Si hay un disco icónico en la producción de Lucinda Williams, y pieza clave del sonido americano contemporáneo, es sin duda ‘Car Wheels On A Gravel Road’, un álbum que pese a su excepcional resultado tuvo una gestación especialmente dificultosa. En ese tempestuoso proceso creativo quizás el mayor terremoto vino propiciado por la falta de entendimiento entre Rick Rubin, factótum del sello American Recordings (encargado en un principio, luego truncado, de su publicación) y el guitarrista y mano derecha de su banda, Gurf Morlix, inclemente ante las sugerencias -finalmente adoptadas- vertidas por un equipo de trabajo en el que se incluía la propia Lucinda. A pesar de todo, hoy en día nadie puede poner en duda, pese a la ruptura definitiva y dolorosa entre dos viejos amigos, la decisión tomada. El éxito rotundo le llegaba acercándose al medio centenar de años, un aspecto que no sólo no frustró a la autora sino que espoleó su interés por abrir nuevos campos imaginativos, dotando a su posterior publicación, ‘Essence’, de un sentido más atmosférico e intimista, cediendo prioridad a los ritmos en detrimento de unas letras, ni mucho menos descuidadas, pero sí puestas al servicio de su esqueleto formal. Un climax emocional al que tomaría relevo un sustancialmente más directo y orgánico ‘World Without Tears’, correoso envite roquero pergeñado entre las largas carreteras y los episodios compartidos en los hoteles durante las giras.

Portada de su autobiografía.

Es precisamente durante ese momento de inspiración y de actividad frenética cuando le golpea la noticia del fallecimiento de su madre, una pérdida que desoló su espíritu aunque todavía lo hizo más tener que transigir ante la decisión de enterrarla junto a los miembros de su árbol genealógico, el mismo que había generado incontables cotas de sufrimiento en ella. Un hecho que nunca ha dejado de retumbar en la conciencia de su hija, y que, como no puede ser de otra manera, alimentó el agrio latido de muchas de las canciones enclavadas en ‘West’. Es durante esos primeros años del siglo XXI cuando conoce a su marido actual, Tom Overby, quien rompía la tradición de su fijación por esos “bardos motorizados” para entablar una idílica relación que se mantiene hasta el presente y que en sus primeras citas incluso le llevó a conocer a Bruce Springsteen, el mismo con el que interpreta, entre la épica y la nostalgia, ‘New York Comeback’, integrado en su último álbum. Pero como si de una imposibilidad por librarse de ese manto fúnebre se tratara, nuestra protagonista es informada del padecimiento de Alzheimer por parte de su padre, quien fallecería pocas fechas después, con la consiguiente desolación. El surgimiento de la esperanza, alrededor de su nuevo amor, era contrariada por la pérdida de uno de sus anclajes esenciales. Como en tantas ocasiones, el cielo y el infierno emocional se habían confabulado para relacionarse de una manera demasiado íntima en la biografía de esta excelente compositora.

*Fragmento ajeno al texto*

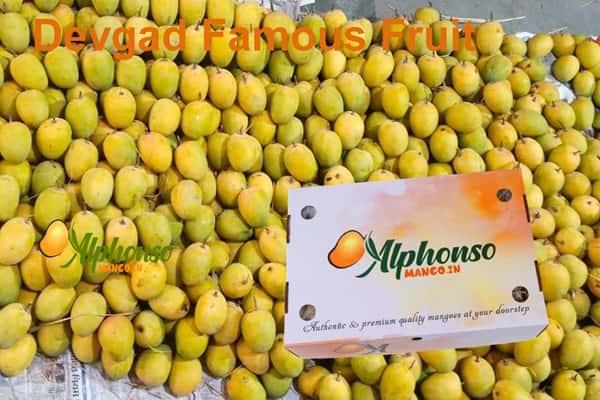 Order Devgad Famous Fruit Online Now - AlphonsoMango.in
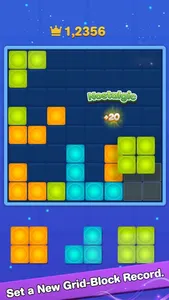 Tetra Block-Brick Puzzle screenshot 6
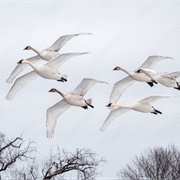 A Wedge of Swans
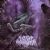 Infant Annihilator albums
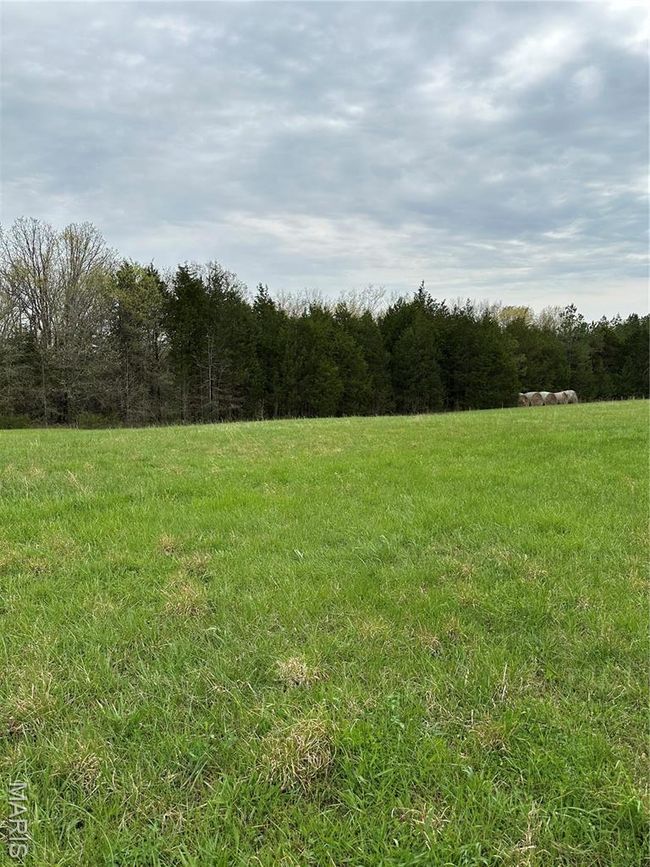 0 Butcher Branch Rd, Home with 0 bedrooms, 0 bathrooms and null parking in Hillsboro MO | Image 5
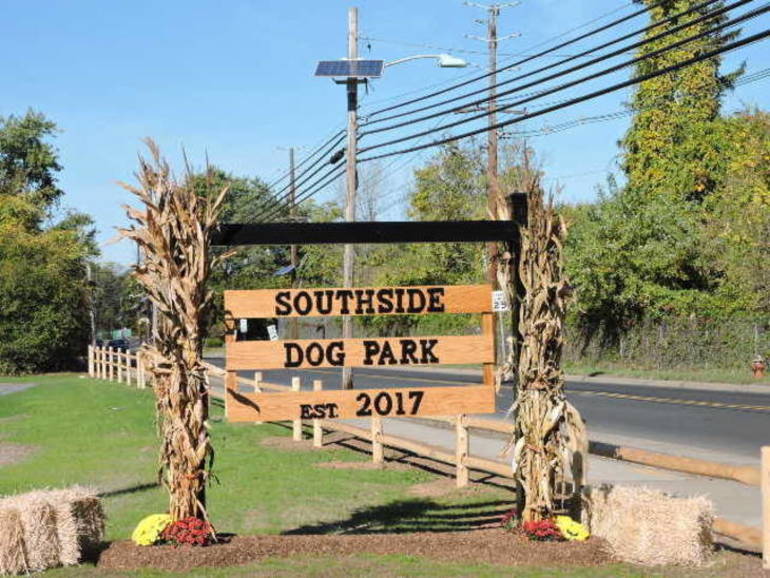 dog park.jpg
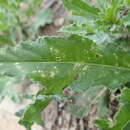 Image of Pustula spinulosa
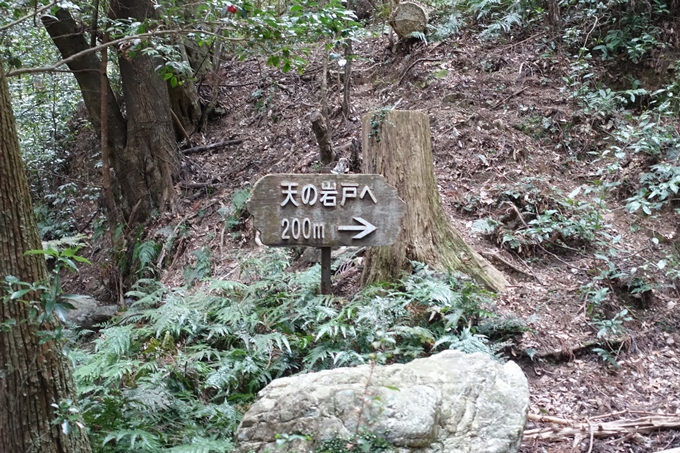 伊勢志摩_天の岩戸神社　No3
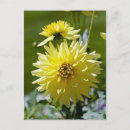 Search for yellow blossoms postcards Nature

Ser conocedores de que este libro de memorias y su más reciente disco han sido realizados en un espacio de tiempo común nos induce a encontrar una desembocadura conjunta entre ambos. Porque si su álbum, en lo que es un homenaje nada velado a otro de sus ídolos, Neil Young, se cierra con una ‘Never Gonna Fade Away’ de melancólico paisaje crepuscular pero reclamando la necesidad de mantenerse en pie, el casi telegrafiado decálogo con que culmina su obra narrativa incita a convertirse uno mismo en el único dueño del destino propio, rechazando ataduras a credos, banderas o efigies místicas. Unas ácratas y liberadoras consignas en las que, si me permite Lu (a estas alturas de la relación confesional creo que hay confianza para el trato amistoso), haré una pequeña omisión en su cumplimiento para seguir proclamando el valor casi terapéutico de su música, convertida en ese necesario refugio donde citarnos para escucharla cantar, con desgarradora belleza, sobre las heridas de ese peligroso oficio que es vivir.